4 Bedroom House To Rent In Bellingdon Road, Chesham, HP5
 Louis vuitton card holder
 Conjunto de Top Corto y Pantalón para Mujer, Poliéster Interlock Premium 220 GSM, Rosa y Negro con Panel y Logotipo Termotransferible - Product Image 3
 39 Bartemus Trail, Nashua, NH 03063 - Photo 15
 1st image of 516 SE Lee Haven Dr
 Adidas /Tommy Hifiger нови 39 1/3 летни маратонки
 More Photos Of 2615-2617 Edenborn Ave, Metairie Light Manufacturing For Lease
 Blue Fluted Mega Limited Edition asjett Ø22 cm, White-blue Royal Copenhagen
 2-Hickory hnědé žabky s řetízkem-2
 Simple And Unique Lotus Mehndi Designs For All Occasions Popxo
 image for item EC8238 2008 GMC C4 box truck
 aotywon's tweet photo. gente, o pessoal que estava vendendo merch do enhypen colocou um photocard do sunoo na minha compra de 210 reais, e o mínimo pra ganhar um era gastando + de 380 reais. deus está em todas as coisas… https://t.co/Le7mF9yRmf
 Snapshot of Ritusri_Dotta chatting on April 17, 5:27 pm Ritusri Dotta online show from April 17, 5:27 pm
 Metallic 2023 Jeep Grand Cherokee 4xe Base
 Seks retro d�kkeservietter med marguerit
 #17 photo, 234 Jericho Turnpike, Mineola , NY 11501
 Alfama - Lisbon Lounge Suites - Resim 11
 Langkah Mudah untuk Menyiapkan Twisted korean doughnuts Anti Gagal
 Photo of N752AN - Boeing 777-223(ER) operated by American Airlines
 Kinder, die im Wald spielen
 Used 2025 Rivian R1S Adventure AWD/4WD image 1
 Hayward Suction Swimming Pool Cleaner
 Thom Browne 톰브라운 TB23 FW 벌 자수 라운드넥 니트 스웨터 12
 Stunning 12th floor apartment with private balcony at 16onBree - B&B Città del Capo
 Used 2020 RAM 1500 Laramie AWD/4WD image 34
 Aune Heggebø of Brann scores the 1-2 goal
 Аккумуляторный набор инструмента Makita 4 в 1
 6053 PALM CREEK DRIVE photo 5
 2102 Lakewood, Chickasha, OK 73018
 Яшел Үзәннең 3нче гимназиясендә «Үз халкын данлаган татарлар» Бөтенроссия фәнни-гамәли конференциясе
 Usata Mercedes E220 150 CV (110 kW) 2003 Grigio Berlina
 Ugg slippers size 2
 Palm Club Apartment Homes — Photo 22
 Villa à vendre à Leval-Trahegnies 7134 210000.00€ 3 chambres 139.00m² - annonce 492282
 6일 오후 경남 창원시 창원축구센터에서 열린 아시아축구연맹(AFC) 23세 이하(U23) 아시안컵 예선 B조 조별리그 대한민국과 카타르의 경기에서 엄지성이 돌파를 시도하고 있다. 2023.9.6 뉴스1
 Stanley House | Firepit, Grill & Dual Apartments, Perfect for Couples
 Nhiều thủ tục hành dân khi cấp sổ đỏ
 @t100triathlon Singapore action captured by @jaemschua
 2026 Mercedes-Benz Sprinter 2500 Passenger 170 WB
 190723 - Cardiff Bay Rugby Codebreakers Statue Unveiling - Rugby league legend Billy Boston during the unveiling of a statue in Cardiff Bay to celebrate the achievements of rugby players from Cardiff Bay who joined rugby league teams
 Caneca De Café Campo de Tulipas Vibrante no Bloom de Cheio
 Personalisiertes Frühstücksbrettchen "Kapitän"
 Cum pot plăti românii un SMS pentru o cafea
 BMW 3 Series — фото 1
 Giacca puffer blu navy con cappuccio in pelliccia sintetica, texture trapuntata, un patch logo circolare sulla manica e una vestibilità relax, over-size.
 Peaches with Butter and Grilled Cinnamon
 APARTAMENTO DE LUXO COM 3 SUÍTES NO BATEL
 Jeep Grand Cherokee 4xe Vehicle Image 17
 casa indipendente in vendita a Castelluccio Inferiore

Task: The first line of the data, the line with "Conjunto de Top", and all lines in between are to be copied exactly. Leave out everything else.

Answer to the exercise:
4 Bedroom House To Rent In Bellingdon Road, Chesham, HP5
 Louis vuitton card holder
 Conjunto de Top Corto y Pantalón para Mujer, Poliéster Interlock Premium 220 GSM, Rosa y Negro con Panel y Logotipo Termotransferible - Product Image 3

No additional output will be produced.